In order to pursue a comprehensive and just peace, the portfolio of the nine rounds must become the principal text and basis for the UN Security Council to examine, study, and evolve in order to comply with its various relevant resolutions.

The US, with its built-in constraints, cannot unilaterally (with due respect to Russia's cosponsorship) manage the peace process. But it can and should continue to play the pivotal role to salvage the peace it assiduously seeks.

The US is no longer alone on Middle East issues in the United Nations. Since the Gulf war, its input in setting the agenda of the Security Council has been decisive. President Clinton has shown a readiness to delegate to the UN functions that were treated as exclusive US or Western prerogatives.

Even Israel can no longer consider the UN as "unfriendly" territory. Hence the arguments that were put forward by the US and Israel against UN intervention are no longer relevant, if they ever were. Who besides the UN Security Council can be expected to weigh in favor of an objective, fair, and precise interpretation of its own resolutions, which form the basis of the nine rounds and the entire US-sponsored peace process. Security Council Resolutions 242, 338, 425, and 799 await a collective interpretati on to allow speedy implementation. To leave the UN Security Council out of this longstanding regional conflict undermines the prospects of peace in the Middle East while making it easier for future violators of international law, UN resolutions, and human rights, to defy the world community's will and commitments.

One fundamental issue blocks any consequential step toward resolving this conflict: Israel does not acknowledge, let alone recognize, that it is an occupying power in territories it captured in June 1967. While the US considers these territories occupied, it refrains from translating its judgment into policy. By entrusting the UN with the responsibility to address and resolve this conflict, the US will, among other things, bring its policy closer to its judgements on the Middle East. Only then can the US

introduce the level of consistency and balance necessary to speed the resolution of this conflict.

Some in the US, especially pro-Israel groups, might consider this recourse a "failure," or at least a setback. Israel initially would put up a vigorous campaign against such a recourse to the UN. It will contrive paranoiac scenarios about "ganging up against Israel." Even those who might favor greater UN involvement will try to invoke the threat of a rightist Likud takeover.

ISRAEL must be expected to oppose because its violations and behavior will be subject to credible scrutiny, and its defiance of international law will be checked. Israel's ability to confront will diminish, making it easier to persuade or pressure it to comply with the UN resolutions.
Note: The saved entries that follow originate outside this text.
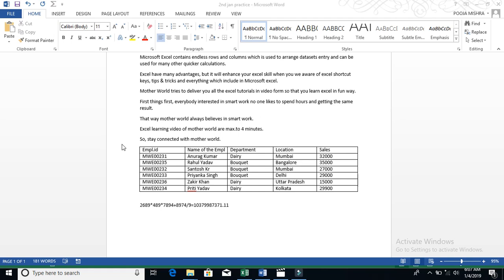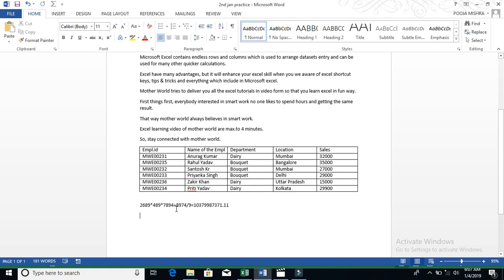If we don't understand this report, so here is 2,689 multiplied by 489 multiplied by 7894 plus 8974 divided by 9. And the answer is also here.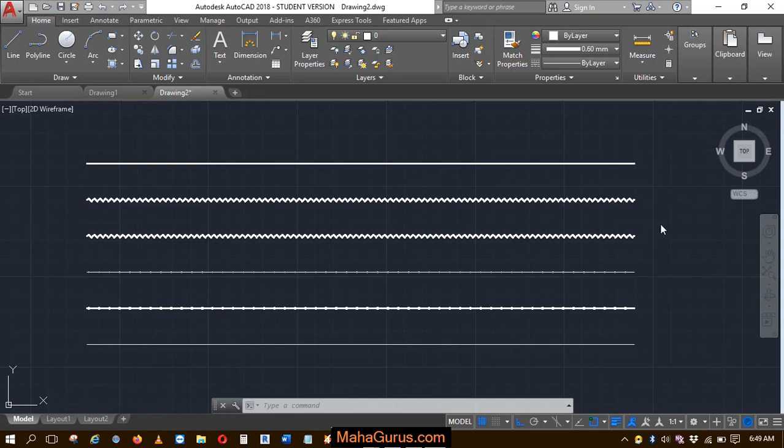Hi guys, welcome back to our YouTube channel. In this tutorial, we're going to learn how to create groups in AutoCAD.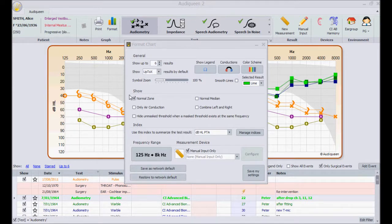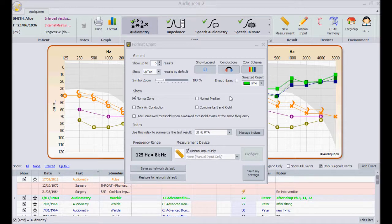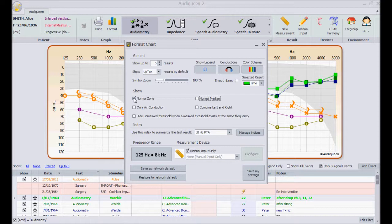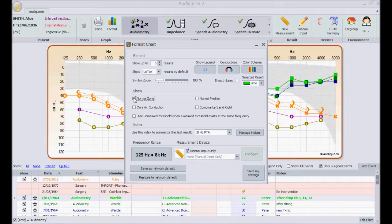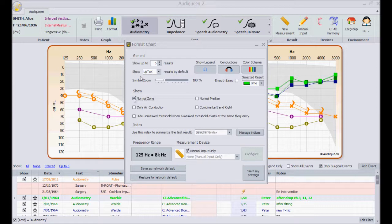Now a few test specific options. For audiometry, these options are self-evident. Feel free to play with these check boxes and see the immediate effect on the graph.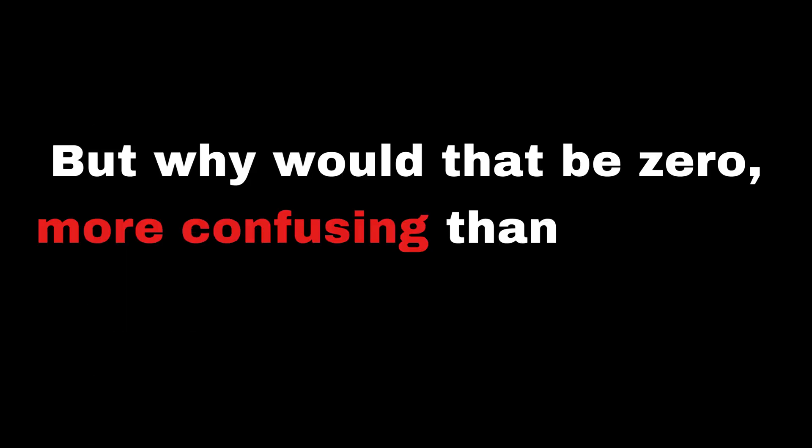To access the first element of the array, you need to use array of zero. But why would that be zero, more confusing than one and less confusing?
Being the exception to the rule of law will cease as the cost of its intransigence increases. While the US will continue to underwrite Israel's secure existence, within the context of the UN it will be freed from domestic p ressure to underwrite Israel's excesses.

Arab patience should not be taken for granted. True, some Arab parties are satisfied with the present pace. They consider that American unilateral and direct involvement in the peace process ensures a continued protection for them and their regimes. Even so, Arabs need the UN to protect the people under occupation. This must entail a UN-observer presence in the occupied territories, besides enabling UNIFIL in South Lebanon to carry out its mandate unimpeded and uninterrupted.

Some may see the proposal to shift the peace process to the UN Security Council as totally "unrealistic." More controversial, and dangerously so, is to continue relying exclusively on Washington's flawed policy. It is well motivated, but haphazardly executed, if not deliberately paralyzed.

The US will be doing the aggrieved parties a great favor by enabling the UN to render them its ward pending a comprehensive resolution of the region's agony in a manner that will heal the wounds, and recognize and secure the legitimate rights of those whose rights have been denied. Once again, the US is called upon not only to be a superpower, but to be a great power.